- **WORK ITEM**
Begin at the line below that has "the fright that" and stop after the line that has "move to the front.". Please restate only those lines, word for word.

Short descriptive text snippets:
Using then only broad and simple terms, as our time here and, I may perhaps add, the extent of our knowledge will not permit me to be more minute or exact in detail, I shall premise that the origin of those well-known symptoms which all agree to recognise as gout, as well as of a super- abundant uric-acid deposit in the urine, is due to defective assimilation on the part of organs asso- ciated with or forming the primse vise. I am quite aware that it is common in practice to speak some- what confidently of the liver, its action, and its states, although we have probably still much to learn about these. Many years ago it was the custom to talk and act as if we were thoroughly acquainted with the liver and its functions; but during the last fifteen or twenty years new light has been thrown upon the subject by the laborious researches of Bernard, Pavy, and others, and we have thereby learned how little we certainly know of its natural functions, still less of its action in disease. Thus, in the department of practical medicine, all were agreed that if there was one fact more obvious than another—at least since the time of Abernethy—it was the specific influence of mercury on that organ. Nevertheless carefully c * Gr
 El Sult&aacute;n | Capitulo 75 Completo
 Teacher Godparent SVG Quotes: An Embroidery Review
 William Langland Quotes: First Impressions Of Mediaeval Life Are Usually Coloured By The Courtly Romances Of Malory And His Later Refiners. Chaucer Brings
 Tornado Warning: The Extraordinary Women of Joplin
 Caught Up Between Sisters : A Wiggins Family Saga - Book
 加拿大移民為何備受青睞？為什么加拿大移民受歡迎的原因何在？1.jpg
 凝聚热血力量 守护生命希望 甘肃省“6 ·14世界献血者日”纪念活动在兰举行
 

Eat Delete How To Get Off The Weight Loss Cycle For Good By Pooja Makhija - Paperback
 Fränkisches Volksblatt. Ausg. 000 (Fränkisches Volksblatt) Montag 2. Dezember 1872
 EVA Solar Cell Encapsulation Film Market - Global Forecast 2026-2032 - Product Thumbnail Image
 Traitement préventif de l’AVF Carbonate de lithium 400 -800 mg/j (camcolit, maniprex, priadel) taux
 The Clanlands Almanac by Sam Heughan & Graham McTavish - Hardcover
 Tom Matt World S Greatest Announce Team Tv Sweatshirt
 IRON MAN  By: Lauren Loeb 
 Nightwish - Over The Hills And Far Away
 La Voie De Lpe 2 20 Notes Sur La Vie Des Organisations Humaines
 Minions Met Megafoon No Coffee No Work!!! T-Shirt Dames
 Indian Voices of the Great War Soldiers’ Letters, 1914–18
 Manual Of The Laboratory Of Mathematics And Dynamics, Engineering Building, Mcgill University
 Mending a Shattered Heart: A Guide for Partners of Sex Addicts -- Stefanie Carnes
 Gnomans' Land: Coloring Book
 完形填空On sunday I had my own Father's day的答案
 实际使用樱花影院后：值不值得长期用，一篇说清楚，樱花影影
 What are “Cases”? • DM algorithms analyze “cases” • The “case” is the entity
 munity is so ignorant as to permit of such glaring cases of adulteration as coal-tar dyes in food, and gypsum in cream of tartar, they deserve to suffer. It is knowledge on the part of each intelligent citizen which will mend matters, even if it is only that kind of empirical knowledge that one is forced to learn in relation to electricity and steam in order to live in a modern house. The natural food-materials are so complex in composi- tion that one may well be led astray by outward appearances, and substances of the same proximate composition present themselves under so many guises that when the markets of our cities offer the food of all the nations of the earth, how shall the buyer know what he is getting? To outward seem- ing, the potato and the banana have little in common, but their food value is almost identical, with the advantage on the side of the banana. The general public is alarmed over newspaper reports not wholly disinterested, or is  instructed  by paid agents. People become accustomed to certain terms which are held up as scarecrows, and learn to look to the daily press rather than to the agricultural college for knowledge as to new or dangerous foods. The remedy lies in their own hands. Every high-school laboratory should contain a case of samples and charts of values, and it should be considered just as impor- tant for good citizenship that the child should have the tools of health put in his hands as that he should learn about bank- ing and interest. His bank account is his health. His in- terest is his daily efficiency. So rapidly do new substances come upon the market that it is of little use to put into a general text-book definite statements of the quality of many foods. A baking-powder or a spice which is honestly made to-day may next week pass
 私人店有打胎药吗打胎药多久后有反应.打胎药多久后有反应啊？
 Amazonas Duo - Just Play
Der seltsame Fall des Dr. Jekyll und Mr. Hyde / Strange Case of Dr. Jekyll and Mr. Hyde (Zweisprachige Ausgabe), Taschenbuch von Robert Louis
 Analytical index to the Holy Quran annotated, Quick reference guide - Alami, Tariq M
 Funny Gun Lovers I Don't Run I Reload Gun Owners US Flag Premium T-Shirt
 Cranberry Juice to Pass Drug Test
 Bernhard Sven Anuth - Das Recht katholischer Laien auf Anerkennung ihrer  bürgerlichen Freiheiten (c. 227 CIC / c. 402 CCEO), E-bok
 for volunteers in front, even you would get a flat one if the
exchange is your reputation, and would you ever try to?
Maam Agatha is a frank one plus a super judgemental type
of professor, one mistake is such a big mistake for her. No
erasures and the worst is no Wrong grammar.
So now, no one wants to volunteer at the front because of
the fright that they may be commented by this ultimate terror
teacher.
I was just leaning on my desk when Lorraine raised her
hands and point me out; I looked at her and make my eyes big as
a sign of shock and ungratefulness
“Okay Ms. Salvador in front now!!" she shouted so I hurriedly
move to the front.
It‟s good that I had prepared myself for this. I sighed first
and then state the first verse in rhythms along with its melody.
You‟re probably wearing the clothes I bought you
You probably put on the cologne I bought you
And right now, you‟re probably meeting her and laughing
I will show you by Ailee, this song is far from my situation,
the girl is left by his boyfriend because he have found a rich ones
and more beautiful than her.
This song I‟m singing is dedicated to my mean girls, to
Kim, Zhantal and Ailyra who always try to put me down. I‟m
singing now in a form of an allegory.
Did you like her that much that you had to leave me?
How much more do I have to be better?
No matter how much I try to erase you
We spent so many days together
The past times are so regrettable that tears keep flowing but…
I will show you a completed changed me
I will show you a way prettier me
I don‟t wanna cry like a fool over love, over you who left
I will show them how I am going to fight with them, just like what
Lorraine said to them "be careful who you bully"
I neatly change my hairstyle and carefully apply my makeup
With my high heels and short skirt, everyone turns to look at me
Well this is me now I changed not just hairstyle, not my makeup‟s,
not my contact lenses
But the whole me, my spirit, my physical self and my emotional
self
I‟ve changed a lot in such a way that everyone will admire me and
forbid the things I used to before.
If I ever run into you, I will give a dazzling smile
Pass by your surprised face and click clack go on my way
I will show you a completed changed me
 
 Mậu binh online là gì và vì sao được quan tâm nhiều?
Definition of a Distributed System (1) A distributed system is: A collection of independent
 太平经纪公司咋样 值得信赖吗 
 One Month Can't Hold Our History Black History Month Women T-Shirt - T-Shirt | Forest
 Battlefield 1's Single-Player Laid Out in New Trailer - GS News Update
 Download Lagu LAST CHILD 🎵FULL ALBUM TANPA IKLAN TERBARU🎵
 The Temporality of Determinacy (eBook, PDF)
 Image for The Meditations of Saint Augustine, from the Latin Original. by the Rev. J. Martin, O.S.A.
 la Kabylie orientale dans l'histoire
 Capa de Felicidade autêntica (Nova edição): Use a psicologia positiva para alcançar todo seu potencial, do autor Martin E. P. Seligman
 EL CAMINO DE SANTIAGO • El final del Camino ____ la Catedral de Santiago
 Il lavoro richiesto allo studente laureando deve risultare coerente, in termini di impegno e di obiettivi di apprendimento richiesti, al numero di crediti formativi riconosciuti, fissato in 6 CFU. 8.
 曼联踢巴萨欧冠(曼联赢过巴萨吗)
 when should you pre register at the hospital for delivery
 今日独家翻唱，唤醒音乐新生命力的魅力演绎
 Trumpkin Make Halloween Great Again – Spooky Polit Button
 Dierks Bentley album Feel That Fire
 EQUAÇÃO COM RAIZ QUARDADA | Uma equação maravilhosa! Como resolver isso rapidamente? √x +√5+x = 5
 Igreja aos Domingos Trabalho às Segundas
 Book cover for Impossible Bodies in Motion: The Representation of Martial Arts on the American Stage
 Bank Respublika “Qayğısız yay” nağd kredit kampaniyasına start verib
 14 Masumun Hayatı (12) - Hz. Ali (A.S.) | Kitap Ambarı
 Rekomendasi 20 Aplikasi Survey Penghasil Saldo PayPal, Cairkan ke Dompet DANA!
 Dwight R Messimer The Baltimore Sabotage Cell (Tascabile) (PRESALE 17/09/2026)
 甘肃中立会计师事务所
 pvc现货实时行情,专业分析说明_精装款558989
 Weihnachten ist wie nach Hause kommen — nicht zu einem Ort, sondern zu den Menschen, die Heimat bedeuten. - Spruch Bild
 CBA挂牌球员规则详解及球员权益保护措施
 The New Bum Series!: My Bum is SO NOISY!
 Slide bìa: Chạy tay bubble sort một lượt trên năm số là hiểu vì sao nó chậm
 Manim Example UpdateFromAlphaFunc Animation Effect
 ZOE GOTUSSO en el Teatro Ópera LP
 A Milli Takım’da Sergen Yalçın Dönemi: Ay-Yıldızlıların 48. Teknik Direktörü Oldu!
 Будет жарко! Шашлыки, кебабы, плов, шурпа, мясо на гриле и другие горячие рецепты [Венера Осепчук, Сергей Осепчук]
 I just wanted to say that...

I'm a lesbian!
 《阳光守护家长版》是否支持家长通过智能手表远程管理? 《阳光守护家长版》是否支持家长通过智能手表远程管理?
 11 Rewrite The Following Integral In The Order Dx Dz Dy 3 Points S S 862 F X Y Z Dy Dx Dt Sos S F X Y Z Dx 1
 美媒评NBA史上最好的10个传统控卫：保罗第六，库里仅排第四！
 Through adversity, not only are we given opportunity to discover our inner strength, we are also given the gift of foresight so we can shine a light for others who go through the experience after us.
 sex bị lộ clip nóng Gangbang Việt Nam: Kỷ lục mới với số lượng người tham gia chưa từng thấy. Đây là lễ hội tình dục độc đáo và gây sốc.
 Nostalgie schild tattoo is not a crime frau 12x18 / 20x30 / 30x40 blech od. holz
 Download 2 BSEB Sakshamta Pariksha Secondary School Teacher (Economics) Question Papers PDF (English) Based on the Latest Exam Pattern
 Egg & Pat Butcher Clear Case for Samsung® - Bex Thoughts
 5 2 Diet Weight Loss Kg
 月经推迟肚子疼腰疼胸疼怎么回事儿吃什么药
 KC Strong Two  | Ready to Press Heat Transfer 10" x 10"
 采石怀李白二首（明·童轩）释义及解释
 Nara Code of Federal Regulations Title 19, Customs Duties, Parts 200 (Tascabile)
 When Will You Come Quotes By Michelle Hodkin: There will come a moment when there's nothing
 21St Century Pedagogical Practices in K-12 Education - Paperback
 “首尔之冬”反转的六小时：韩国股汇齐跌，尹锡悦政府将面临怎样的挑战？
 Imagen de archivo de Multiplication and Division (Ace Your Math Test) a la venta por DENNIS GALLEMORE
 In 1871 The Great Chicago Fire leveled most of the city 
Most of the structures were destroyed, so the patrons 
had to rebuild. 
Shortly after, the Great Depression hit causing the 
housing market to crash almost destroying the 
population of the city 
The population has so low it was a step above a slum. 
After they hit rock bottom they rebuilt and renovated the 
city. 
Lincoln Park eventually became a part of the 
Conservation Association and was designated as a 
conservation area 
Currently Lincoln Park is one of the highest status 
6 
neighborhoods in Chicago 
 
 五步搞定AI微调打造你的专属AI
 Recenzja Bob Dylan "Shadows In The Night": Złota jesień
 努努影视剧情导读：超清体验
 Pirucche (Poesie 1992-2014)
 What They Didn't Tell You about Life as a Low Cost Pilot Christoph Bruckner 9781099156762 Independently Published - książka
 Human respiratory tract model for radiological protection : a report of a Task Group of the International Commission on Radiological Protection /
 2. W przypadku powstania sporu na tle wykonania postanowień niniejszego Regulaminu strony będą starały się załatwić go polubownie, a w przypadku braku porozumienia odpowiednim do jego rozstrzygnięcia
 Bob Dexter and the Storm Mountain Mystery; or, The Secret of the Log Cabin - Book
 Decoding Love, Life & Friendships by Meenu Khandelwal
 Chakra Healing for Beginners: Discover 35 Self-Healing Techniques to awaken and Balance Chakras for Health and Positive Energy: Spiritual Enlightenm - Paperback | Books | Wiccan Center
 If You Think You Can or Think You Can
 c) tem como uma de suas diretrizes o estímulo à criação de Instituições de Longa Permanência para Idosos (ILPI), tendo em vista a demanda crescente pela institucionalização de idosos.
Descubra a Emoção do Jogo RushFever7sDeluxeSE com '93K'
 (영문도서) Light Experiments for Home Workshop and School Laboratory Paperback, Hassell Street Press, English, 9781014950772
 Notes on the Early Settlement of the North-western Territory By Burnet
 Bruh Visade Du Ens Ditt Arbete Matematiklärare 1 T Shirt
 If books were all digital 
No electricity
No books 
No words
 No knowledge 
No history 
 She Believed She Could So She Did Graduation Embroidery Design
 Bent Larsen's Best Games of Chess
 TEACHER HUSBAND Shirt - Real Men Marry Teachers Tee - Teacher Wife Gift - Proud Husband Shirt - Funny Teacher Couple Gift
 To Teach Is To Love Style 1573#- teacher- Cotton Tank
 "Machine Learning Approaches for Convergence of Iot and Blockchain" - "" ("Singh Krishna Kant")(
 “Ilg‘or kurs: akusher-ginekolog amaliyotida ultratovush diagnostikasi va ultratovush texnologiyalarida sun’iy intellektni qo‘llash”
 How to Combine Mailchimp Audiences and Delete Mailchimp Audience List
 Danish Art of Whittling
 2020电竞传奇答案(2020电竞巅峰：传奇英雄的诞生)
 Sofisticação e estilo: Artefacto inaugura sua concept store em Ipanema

- **ANSWER TO THE EXERCISE**
the fright that they may be commented by this ultimate terror
teacher.
I was just leaning on my desk when Lorraine raised her
hands and point me out; I looked at her and make my eyes big as
a sign of shock and ungratefulness
“Okay Ms. Salvador in front now!!" she shouted so I hurriedly
move to the front.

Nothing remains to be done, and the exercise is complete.